The utility model relates to earphone, relates in particular to a kind of high-fidelity optical fiber earphone of built-in fiber decoder.

Background technology

Along with the development of Digital Electronic Technique, people are widely used various digital electronic products in entertainment life, are often equipped with earphone as audio output apparatus, for output audio signal in these portable type electronic products.

Existing earphone has two housings conventionally, and loudspeaker are installed in each housing, is respectively L channel loudspeaker and R channel loudspeaker.When people use earphone, two housings are worn over respectively outside left side ear and right ear.In addition, existing earphone all arranges audio signal input unit, the audio signal of exporting for receiving portable type electronic product.If earphone is wired earphone, audio signal input unit has audio socket conventionally, and for being inserted in the audio sockets of electronic equipment, and audio socket is connected by electrical wiring to loudspeaker, to loudspeaker output signal.If earphone is wireless headset, audio signal input unit has radio receiver, as Bluetooth signal receiving system etc., and the audio signal sending in wireless signal mode for receiving electronic product, and to loudspeaker output signal.

To economize into this ﹐ and only adopted cheap audio frequency conversion to promote loudspeaker ﹐ digital audio data with amplifier not obtain performance incisively and vividly in order to save because the audio frequency output of general mobile phone or music player is all subsidiary Gong Neng ﹐ manufacturer.Add that to output to the signal power of audio signal input unit very little, be often not enough to drive loudspeaker, therefore power amplifier need to be set conventionally in earphone, outputing to loudspeaker after the power amplification of audio signal.Existing earphone uses transistor composition power amplifier conventionally, but after transistor processes signal, often causes signal to occur the situation of distortion, has influence on the tonequality of earphone.

Utility model content

The purpose of this utility model is to overcome deficiency of the prior art and the high-fidelity optical fiber earphone of a kind of built-in fiber decoder of providing.

The technical scheme that the utility model solution prior art problem adopts is: a kind of high-fidelity optical fiber earphone, comprising:

Optical fiber received block, in order to receive digital audio and video signals;

Optical fiber decoder, described optical fiber decoder and described optical fiber received block are electrically connected, and convert described digital audio and video signals to simulated audio signal;

Bias voltage circuit, described bias voltage circuit and described optical fiber decoder are electrically connected, for described optical fiber decoder provides bias voltage;

Loudspeaker power amplifier, the input of described loudspeaker power amplifier and described optical fiber decoder are electrically connected, and the simulated audio signal of described optical fiber decoder output is carried out to power amplification;

Loudspeaker, described loudspeaker are connected with described loudspeaker power amplifier, for exporting the simulated audio signal after amplification.

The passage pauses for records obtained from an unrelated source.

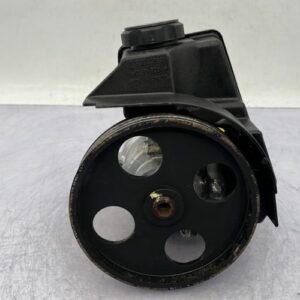 Pompe de direction CITROEN XSARA PICASSO PHASE 1 Essence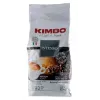 Kimbo Aroma Intenso 1 kg Coffee Beans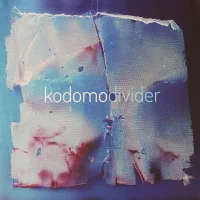 Divider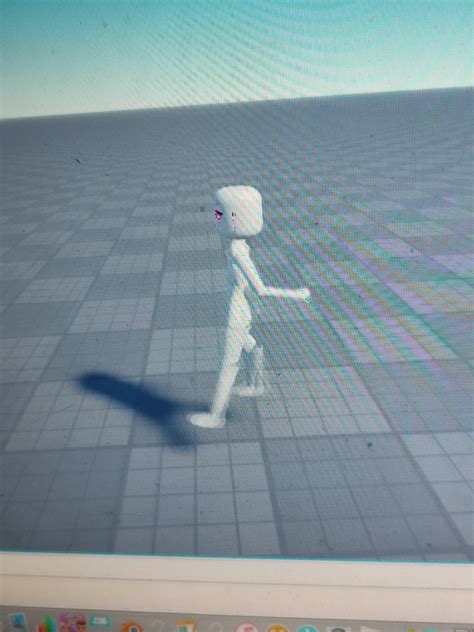 Can't find the right rotation of the rigs on a custom character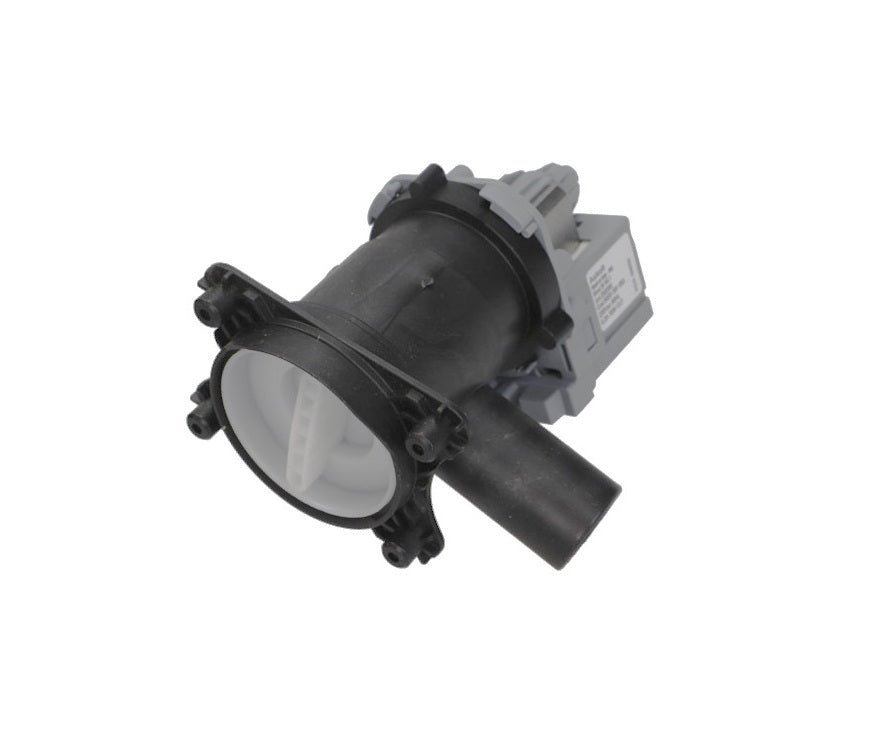 Bosch 00144979 Washing Machine Drain Pump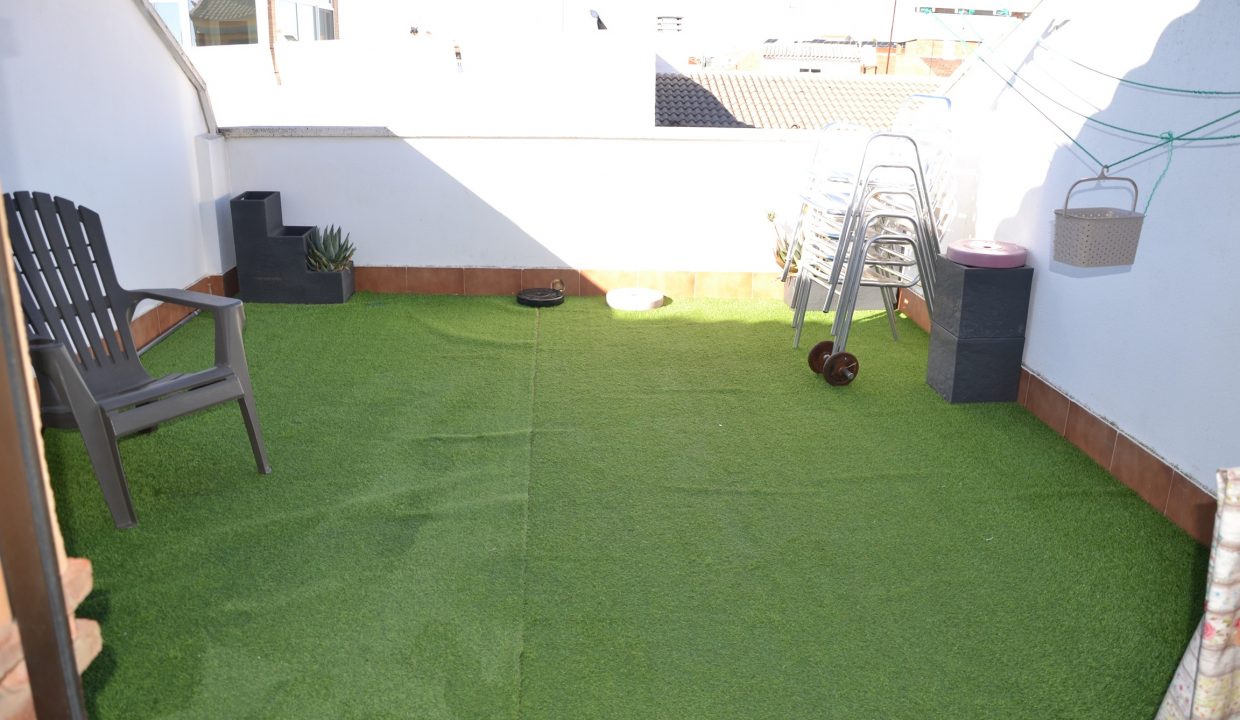 terraza-1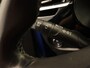 Opel Corsa 1.2 GS Line - NAVIGATIE - BLUETOOTH - CRUISE CONTROL - CLIMATE CONTROL - PARKEERSENSOREN ACHTER - MIDDENARMSTEUN VOOR - LEDEREN STUUR - APPLE CARPLAY/ ANDROID AUTO - KEYLESS ENTRY/ START - GOED ONDERHOUDEN - DAKDRAGERS - WINTERBANDEN ERBIJ AANWEZIG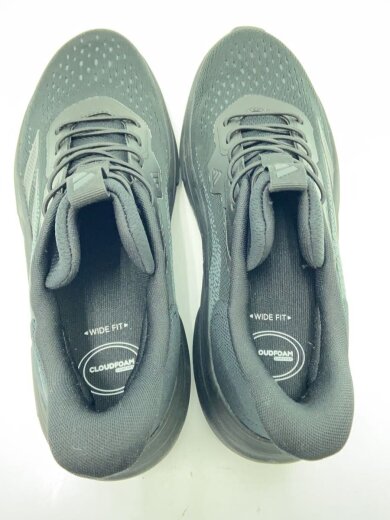 商品画像：ローカットスニーカー/26.5cm/BLK/HP3428 3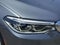 2020 BMW 5 Series 530i xDrive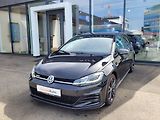 Volkswagen Golf 2.0 TDI GTD DSG Záruka 2roky - náhled 1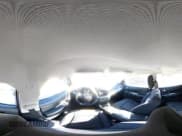 ✅ 2013 Dodge Journey Canada Value • VIN: 3C4PDCAB4DT723802 • Lot: 43690287. Listed on IAAI with 132,554 mi. Free auction sales archive from the USA and detailed vehicle history report at DreamBid. Image 18.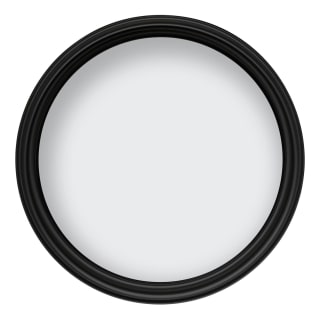 423788-crown-matt-emulsion-paint-2_5l-clay-white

Below technique scheme is further elaborated:

Further, also comprise pre-amplification circuit, described pre-amplification circuit is connected between described optical fiber decoder and loudspeaker power amplifier, in order to the simulated audio signal of optical fiber decoder output is amplified to the scope that described loudspeaker power amplifier can receive.

Further, described bias voltage is the direct voltage lower than zero volt.

Further, described optical fiber decoder comprises digital received chip and analog-digital chip;

The LRCKO pin of described digital received chip is connected with the LRCK pin of described analog-digital chip, BCKO pin is connected with the BCK pin of described analog-digital chip, DOUT pin is connected with the DATA pin of described analog-digital chip, and SCKO pin is connected with the SCK pin of described analog-digital chip;

The VDD pin of described digital received chip, VCC pin, FMT0 pin, FMT1 pin, PSCK0 pin connects respectively the first supply voltage, DGND pin, XTI pin, AGND pin, RSV pin is ground connection respectively, VDD pin is by the 202 capacity earth, the 201 electric capacity in parallel on described the 202 electric capacity, RST pin is connected to the first supply voltage by the 21 zero resistance, and by the 203 capacity earth, FILT pin is connected to respectively one end of the 209 resistance and the 204 electric capacity, the other end of described the 209 resistance connects one end of the 205 electric capacity, the other end ground connection of described the 204 electric capacity and the 205 electric capacity,

The VCCC pin of described analog-digital chip, VCCF pin, VCCL20 pin, VCCR pin, FMT0 pin, FMT2 pin connects second source voltage, RST pin and VDD pin connect the first supply voltage, FMT1 pin, DGND pin, AGNDC pin, AGNDF pin, AGNDL pin, AGNDR pin ground connection, VCCC pin, VCCF pin, VCCL20 pin, VCCR pin is by the 38 capacity earth, on described the 38 electric capacity, be parallel with the 33 electric capacity, VDD pin is by the 18 capacity earth, the 12 electric capacity in parallel on described the 18 electric capacity, VCOM pin is by the 17 capacity earth.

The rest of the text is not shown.